Intervention de Gérald Darmanin

Réunion du 7 novembre 2023 à 14h30
Immigration et intégration — Article 1er

Gérald Darmanin  :

Je constate en effet que, si votre amendement était adopté, nous exclurions du dispositif une part de la main-d'œuvre arrivée sur le territoire national qui se destine à des métiers n'exigeant pas un niveau de français plus élevé que le niveau moyen de maîtrise de la langue atteint par les étrangers en France aujourd'hui – je rappelle que 30 % des étrangers en situation régulière parlent ou écrivent mal le français –, et qui risquerait de ne pas obtenir de titre de long séjour si un examen de langue plus exigeant était mis en œuvre.

Toutefois, sachez que les employés et les ouvriers – c'est ce que j'essaie d'expliquer à certains patrons – ne se contentent pas de travailler dans les usines et les entreprises. Ces personnes vivent dans notre société, fréquentent un club de sport, se promènent dans la rue, s'intéressent à la vie de leur cité, fréquentent un culte, rencontrent des amis, etc.
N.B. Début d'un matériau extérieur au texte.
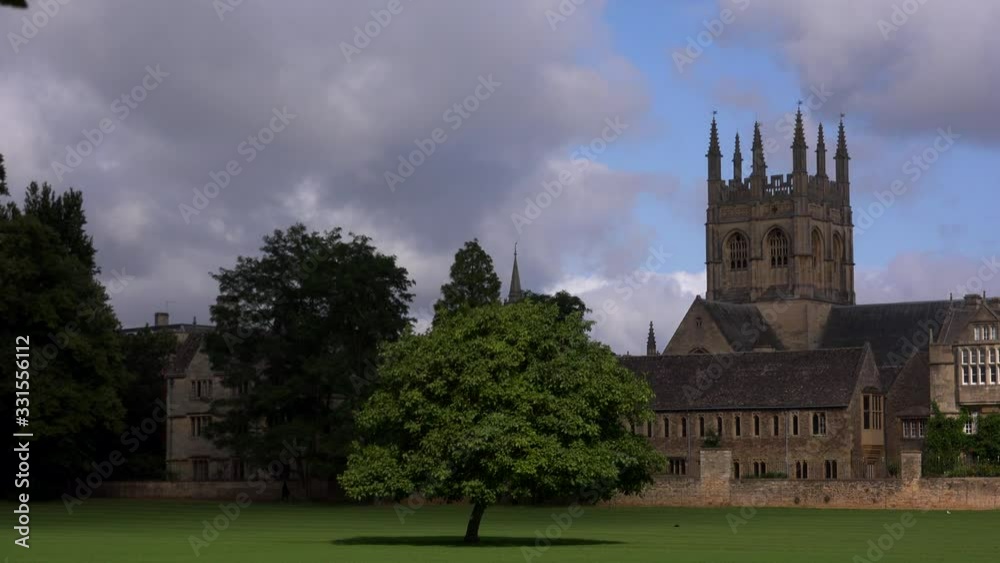 Oxford city university town time lapse UK 4K Oxford city university town time lapse UK 4K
J'ai parfois le sentiment, lorsque je rencontre certains responsables patronaux – ce n'est pas toujours le cas, et ce n'est pas le cas de tous – qu'ils voient les étrangers uniquement comme une main-d'œuvre, et jamais comme des citoyens que nous aurons ensuite collectivement à gérer.

Tous ces étrangers quitteront d'ailleurs peut-être un jour ces usines et ces entreprises. Simplement, comme ils disposent d'un titre de long séjour, ils resteront sur le territoire national et continueront de fréquenter les espaces publics, tout comme les autres étrangers en situation régulière et les Français.

C'est pourquoi je suis peu sensible aux arguments d'une partie du patronat – je ne dis pas cela pour vous, monsieur le sénateur Reichardt, mais pour que chacun comprenne bien.

Je ne veux pas distinguer entre les différents niveaux de français : je préfère que l'on s'intéresse au niveau de français requis de tout étranger souhaitant acquérir un titre de long séjour, plutôt qu'au niveau de français exigé selon le métier qu'il exerce, car un étranger peut tout à fait changer de profession ou suivre une nouvelle formation. On ne peut pas le réduire à son métier.

Tout cela me conduit à vous dire, monsieur le sénateur, que votre proposition tend à amoindrir sensiblement la disposition du Gouvernement.

Comme je suis très attaché – c'est une conviction très profonde – à l'idée qu'un étranger doit parler, apprendre et comprendre correctement notre langue s'il veut durablement s'installer sur le territoire de la République, je considère qu'il ne faut pas conditionner cette exigence à l'exercice de tel ou tel métier, même si je puis comprendre le principe que vous défendez, peut-être selon un point de davantage capitaliste que patriotique.

Le Gouvernement émet donc un avis défavorable sur cet amendement.